Susan Rice: Obama Will Not Send Letter of Apology to Afghanistan

By Patrick Goodenough | November 20, 2013 | 4:53am EST

Secretary of State John Kerry and Afghan President Hamid Karzai (AP Photo)

(Update: Secretary of State John Kerry said Wednesday the U.S. and Afghanistan have agreed on the final language of a security agreement to be put to tribal elders for approval, and denied that any U.S. “apology” was part of the deal. “Let me be clear. President Karzai didn’t ask for an apology,” he said. “He didn’t ask for it, we’re not discussing it.”)

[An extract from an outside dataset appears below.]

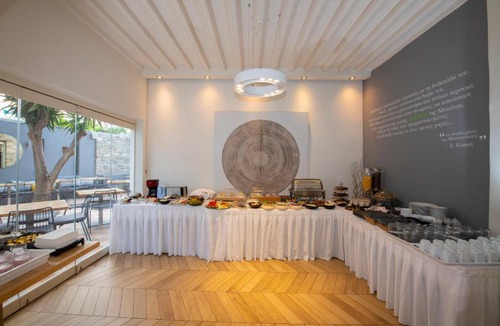 Mykonos Town Hotel | Fresh Boutique Hotel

( – President Obama will not make a written apology to the Afghan people for “mistakes” made during the war in their country, National Security Adviser Susan Rice said Tuesday.

Reports to that effect reflected “a complete misunderstanding of what the situation is,” she told CNN’s “The Situation Room” Tuesday afternoon.

“No such letter has been drafted or delivered,” Rice said. “There is not a need for the United States to apologize to Afghanistan – quite the contrary. We have sacrificed and supported them in their democratic progress and in tackling the insurgency and al-Qaeda.”

On the same day, the Associated Press reported that Secretary of State John Kerry, in a phone call, acknowledged “mistakes” and asked Afghan President Hamid Karzai to allow American troops on counter-terrorism missions to enter Afghan homes in “exceptional circumstances.”

The two countries are trying to finalize the wording of a draft security agreement that will allow U.S. troops to remain in the country after 2014.

According to the AP, a Dari-language statement from Karzai's office said that Kerry told Karzai the U.S. government understands the concerns of the Afghan government and people stemming from "mistakes committed by American forces in the past in Afghanistan."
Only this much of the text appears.